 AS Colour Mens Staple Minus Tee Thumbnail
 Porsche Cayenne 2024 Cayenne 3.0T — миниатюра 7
--
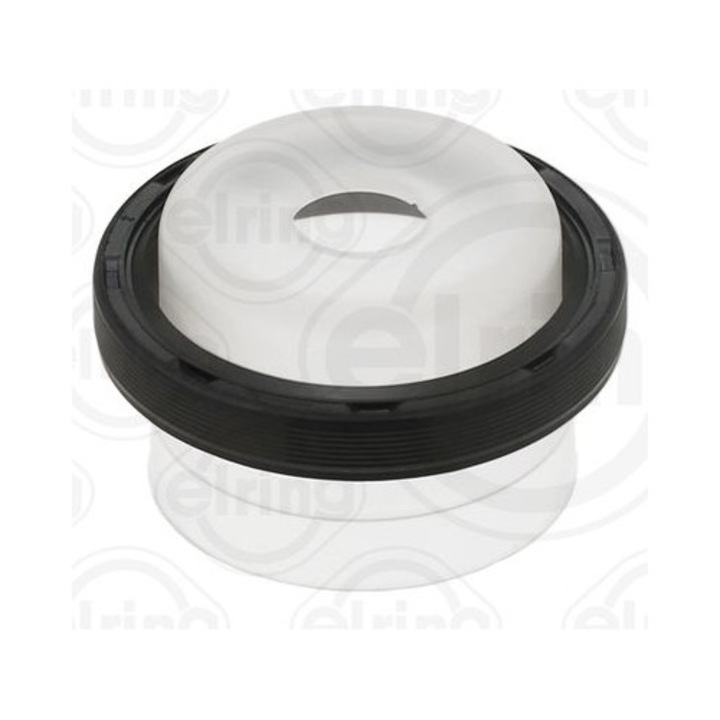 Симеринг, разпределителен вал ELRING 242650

# [YOUR ASSIGNMENT]
Only the lines above starting with the one with "AS Colour Mens Staple Minus Tee Thumbnail" and going through the one with "Porsche Cayenne 2024" are to be copied, word for word and with both ends kept.

# [TASK ANSWER]
 AS Colour Mens Staple Minus Tee Thumbnail
 Porsche Cayenne 2024 Cayenne 3.0T — миниатюра 7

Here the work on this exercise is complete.